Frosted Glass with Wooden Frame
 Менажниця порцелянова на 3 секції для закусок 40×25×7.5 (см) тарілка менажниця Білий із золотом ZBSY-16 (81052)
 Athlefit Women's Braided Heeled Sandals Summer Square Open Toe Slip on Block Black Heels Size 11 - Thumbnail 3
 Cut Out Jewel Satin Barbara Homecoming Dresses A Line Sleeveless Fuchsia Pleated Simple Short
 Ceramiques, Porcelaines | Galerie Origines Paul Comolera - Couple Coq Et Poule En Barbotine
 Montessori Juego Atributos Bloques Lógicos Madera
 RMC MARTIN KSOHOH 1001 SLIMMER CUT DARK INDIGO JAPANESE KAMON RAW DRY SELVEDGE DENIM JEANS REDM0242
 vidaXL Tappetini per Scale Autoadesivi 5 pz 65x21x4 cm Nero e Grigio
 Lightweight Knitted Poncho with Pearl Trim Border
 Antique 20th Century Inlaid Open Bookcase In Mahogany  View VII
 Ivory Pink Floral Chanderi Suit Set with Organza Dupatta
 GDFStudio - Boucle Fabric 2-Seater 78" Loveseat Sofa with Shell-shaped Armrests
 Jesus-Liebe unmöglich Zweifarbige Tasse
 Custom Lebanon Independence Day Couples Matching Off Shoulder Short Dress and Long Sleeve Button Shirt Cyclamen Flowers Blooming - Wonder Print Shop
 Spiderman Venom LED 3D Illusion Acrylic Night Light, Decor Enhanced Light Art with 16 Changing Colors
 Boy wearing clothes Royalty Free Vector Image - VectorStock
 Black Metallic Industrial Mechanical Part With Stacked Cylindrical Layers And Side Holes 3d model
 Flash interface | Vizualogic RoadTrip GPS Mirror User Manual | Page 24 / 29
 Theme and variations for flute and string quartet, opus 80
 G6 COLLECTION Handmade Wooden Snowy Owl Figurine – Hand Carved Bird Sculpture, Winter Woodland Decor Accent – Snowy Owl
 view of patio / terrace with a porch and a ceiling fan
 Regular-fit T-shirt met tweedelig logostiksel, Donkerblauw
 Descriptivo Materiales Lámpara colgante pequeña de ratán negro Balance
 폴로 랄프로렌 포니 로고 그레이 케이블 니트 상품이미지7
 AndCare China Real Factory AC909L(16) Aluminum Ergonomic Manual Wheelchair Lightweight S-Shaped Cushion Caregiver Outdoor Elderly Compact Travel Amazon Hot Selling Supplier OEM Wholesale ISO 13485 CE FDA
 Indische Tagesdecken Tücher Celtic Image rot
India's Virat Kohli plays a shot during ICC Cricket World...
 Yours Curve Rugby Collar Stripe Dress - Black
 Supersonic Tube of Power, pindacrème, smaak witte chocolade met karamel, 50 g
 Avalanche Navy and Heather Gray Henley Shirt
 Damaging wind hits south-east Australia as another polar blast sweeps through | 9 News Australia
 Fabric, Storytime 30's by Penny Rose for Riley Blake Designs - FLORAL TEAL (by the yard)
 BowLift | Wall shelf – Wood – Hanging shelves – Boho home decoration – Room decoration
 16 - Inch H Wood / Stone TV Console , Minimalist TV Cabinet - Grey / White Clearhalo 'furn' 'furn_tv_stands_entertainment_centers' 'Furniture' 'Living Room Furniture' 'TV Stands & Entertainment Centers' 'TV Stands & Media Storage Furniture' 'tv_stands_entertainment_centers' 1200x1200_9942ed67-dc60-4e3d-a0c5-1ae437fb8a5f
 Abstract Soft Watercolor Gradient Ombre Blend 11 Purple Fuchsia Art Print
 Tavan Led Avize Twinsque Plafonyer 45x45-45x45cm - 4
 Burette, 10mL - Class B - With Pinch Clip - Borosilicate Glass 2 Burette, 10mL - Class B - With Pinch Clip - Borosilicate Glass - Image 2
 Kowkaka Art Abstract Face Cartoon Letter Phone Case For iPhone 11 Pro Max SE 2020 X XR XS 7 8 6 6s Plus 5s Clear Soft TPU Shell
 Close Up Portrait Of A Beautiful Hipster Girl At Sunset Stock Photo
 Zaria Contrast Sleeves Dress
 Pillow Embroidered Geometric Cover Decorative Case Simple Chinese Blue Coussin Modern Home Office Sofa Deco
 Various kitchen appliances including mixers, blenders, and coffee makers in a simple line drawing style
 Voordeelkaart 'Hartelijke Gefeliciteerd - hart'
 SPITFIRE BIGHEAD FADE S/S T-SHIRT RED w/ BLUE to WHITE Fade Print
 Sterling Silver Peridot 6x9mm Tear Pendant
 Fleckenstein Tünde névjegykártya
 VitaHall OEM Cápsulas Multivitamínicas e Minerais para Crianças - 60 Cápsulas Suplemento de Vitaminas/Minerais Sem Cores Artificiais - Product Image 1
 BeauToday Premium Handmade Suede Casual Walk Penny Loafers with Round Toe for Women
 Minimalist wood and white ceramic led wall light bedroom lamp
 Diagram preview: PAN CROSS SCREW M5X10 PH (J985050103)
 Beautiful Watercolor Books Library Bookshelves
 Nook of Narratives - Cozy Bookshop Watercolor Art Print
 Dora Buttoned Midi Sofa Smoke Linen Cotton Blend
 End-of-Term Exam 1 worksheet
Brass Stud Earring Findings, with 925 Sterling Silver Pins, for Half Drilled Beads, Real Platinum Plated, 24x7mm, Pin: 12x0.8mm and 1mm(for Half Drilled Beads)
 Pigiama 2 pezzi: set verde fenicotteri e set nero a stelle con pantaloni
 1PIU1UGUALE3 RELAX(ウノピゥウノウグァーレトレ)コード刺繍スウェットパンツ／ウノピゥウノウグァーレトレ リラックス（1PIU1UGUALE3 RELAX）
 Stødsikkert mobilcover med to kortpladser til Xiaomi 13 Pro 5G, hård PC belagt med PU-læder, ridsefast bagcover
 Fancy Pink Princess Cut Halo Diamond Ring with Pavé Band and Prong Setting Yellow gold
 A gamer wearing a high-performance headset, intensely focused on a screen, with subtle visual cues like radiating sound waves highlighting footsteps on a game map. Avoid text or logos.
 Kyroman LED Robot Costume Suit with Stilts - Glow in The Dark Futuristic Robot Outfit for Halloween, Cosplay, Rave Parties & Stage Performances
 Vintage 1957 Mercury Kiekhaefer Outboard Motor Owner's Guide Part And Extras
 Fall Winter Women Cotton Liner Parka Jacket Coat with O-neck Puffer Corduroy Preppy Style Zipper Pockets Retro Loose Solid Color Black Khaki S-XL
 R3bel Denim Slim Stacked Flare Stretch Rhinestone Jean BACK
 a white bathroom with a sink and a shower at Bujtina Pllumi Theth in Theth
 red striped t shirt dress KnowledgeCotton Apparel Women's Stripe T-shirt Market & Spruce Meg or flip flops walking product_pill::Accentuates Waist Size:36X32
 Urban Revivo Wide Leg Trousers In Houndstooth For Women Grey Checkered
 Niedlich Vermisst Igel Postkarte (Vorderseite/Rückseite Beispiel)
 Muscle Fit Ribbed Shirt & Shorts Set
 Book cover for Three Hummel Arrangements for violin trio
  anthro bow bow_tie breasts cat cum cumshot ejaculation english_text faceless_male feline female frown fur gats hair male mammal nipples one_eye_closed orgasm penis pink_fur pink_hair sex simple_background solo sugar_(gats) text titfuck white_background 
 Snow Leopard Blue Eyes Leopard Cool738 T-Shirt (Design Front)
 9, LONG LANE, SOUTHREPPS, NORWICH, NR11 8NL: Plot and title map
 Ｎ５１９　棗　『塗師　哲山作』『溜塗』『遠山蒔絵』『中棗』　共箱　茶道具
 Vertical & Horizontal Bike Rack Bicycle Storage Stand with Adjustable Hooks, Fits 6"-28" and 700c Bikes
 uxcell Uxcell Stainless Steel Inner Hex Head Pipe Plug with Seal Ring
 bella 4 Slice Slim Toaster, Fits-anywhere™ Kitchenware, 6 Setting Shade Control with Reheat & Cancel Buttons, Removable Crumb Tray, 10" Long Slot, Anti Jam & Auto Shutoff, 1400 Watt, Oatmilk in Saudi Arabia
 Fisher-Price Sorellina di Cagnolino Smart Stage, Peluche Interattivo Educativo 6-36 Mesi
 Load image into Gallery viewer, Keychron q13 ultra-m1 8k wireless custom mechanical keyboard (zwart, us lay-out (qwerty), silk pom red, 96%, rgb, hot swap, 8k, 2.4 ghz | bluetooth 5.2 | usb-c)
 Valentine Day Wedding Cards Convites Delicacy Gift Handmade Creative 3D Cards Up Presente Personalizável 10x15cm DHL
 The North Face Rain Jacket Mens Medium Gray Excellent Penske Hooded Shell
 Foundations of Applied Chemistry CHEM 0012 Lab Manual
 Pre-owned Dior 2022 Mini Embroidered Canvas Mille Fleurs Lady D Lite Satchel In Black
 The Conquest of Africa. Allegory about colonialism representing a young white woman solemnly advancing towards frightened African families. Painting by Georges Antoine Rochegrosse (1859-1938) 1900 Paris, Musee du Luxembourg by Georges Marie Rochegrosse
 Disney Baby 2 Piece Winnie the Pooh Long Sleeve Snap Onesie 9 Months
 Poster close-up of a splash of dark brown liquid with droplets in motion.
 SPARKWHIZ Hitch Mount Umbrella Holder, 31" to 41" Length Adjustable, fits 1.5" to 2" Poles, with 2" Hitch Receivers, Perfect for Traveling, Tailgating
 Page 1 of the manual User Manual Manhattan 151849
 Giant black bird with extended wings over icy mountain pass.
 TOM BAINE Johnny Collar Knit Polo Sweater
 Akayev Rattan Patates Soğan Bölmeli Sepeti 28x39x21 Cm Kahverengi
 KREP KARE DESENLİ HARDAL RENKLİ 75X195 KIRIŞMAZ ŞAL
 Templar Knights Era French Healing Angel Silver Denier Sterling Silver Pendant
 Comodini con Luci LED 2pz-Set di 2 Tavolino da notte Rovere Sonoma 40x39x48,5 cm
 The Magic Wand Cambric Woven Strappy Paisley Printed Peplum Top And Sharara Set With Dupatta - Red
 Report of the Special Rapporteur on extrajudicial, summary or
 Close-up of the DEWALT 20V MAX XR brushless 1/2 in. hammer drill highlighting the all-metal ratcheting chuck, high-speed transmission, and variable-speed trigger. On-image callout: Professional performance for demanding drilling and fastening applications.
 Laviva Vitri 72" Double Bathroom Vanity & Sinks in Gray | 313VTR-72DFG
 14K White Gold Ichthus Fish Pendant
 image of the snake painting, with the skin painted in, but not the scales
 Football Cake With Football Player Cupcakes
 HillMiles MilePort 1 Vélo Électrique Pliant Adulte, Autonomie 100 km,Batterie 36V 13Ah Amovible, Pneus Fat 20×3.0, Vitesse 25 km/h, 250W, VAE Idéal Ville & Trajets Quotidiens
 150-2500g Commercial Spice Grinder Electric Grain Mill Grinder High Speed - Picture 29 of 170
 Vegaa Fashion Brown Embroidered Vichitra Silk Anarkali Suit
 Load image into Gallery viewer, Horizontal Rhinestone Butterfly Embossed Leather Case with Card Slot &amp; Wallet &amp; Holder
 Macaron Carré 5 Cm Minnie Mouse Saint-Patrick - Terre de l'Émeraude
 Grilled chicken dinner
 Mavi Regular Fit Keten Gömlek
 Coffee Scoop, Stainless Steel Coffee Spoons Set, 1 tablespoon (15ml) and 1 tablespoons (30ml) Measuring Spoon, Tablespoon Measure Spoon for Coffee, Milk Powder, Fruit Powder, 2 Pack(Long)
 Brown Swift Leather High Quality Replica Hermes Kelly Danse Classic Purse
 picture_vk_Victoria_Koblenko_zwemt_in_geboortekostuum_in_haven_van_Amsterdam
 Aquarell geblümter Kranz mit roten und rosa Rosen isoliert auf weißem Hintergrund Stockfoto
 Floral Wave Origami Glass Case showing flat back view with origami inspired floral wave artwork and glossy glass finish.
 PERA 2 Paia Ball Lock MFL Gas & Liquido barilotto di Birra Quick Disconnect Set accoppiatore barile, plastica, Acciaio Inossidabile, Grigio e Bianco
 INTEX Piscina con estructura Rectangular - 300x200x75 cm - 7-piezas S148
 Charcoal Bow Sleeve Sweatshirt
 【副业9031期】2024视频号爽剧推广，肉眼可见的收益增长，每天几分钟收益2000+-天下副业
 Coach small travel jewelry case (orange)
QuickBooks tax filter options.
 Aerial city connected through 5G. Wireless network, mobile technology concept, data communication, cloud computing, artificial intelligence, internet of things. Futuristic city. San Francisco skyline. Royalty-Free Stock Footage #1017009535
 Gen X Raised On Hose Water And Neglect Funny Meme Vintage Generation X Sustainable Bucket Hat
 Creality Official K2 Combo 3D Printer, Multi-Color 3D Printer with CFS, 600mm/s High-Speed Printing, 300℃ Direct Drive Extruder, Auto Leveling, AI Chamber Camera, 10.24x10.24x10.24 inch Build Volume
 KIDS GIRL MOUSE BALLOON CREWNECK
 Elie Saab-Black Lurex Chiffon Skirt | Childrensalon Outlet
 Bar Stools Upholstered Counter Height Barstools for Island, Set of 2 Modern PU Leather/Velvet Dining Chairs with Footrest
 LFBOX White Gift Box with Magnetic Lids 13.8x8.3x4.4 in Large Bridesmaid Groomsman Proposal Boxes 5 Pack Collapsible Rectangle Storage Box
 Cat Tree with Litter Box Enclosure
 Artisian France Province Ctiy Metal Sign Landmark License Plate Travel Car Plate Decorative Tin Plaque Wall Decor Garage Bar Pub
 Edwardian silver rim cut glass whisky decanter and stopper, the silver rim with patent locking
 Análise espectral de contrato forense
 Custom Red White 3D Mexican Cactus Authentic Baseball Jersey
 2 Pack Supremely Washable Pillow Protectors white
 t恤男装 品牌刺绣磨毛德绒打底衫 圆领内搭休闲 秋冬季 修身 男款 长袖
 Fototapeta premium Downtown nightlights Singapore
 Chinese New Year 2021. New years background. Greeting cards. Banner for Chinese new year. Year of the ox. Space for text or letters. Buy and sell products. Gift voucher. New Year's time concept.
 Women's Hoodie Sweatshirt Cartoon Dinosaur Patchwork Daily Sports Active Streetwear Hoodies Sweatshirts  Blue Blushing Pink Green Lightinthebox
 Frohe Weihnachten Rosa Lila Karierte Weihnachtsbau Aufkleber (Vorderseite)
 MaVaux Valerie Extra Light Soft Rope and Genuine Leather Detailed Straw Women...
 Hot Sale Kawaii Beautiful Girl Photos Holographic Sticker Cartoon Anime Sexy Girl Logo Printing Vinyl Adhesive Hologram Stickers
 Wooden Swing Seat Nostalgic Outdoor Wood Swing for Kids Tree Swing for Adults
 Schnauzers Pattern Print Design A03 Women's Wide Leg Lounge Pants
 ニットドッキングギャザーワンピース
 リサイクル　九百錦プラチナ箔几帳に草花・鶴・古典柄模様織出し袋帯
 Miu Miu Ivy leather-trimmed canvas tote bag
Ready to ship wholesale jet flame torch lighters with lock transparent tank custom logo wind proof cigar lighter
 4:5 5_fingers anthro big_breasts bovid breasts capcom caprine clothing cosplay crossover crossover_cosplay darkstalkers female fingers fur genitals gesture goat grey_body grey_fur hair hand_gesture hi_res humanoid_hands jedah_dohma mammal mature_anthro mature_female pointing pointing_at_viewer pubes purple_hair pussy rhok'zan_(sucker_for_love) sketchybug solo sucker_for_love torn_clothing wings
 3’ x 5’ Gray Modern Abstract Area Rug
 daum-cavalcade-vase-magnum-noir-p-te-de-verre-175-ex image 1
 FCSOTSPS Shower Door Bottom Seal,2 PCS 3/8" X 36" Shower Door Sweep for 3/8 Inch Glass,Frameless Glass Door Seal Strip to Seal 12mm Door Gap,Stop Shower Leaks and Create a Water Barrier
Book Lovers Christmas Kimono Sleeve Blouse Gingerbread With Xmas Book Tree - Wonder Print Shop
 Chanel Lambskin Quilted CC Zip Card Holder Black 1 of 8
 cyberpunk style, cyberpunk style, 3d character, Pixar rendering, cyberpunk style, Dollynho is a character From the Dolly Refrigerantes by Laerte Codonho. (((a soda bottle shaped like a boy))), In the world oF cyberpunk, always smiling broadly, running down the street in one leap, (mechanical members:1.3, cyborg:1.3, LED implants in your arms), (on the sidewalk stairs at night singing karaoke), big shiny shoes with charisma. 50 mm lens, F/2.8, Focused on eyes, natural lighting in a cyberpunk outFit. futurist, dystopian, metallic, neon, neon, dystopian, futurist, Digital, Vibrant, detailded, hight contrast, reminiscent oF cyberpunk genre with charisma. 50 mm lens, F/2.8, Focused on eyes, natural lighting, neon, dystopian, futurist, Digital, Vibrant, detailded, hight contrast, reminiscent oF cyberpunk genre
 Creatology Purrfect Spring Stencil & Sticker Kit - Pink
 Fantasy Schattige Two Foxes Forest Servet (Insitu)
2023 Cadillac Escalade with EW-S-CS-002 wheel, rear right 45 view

•••••

▶ _WORK TO COMPLETE_
A verbatim transcription is needed of the lines above, starting at the line with "Valentine Day Wedding" and ending at the line with "Report of the", both included, and of nothing else.

▶ _ANSWER BOX_
 Valentine Day Wedding Cards Convites Delicacy Gift Handmade Creative 3D Cards Up Presente Personalizável 10x15cm DHL
 The North Face Rain Jacket Mens Medium Gray Excellent Penske Hooded Shell
 Foundations of Applied Chemistry CHEM 0012 Lab Manual
 Pre-owned Dior 2022 Mini Embroidered Canvas Mille Fleurs Lady D Lite Satchel In Black
 The Conquest of Africa. Allegory about colonialism representing a young white woman solemnly advancing towards frightened African families. Painting by Georges Antoine Rochegrosse (1859-1938) 1900 Paris, Musee du Luxembourg by Georges Marie Rochegrosse
 Disney Baby 2 Piece Winnie the Pooh Long Sleeve Snap Onesie 9 Months
 Poster close-up of a splash of dark brown liquid with droplets in motion.
 SPARKWHIZ Hitch Mount Umbrella Holder, 31" to 41" Length Adjustable, fits 1.5" to 2" Poles, with 2" Hitch Receivers, Perfect for Traveling, Tailgating
 Page 1 of the manual User Manual Manhattan 151849
 Giant black bird with extended wings over icy mountain pass.
 TOM BAINE Johnny Collar Knit Polo Sweater
 Akayev Rattan Patates Soğan Bölmeli Sepeti 28x39x21 Cm Kahverengi
 KREP KARE DESENLİ HARDAL RENKLİ 75X195 KIRIŞMAZ ŞAL
 Templar Knights Era French Healing Angel Silver Denier Sterling Silver Pendant
 Comodini con Luci LED 2pz-Set di 2 Tavolino da notte Rovere Sonoma 40x39x48,5 cm
 The Magic Wand Cambric Woven Strappy Paisley Printed Peplum Top And Sharara Set With Dupatta - Red
 Report of the Special Rapporteur on extrajudicial, summary or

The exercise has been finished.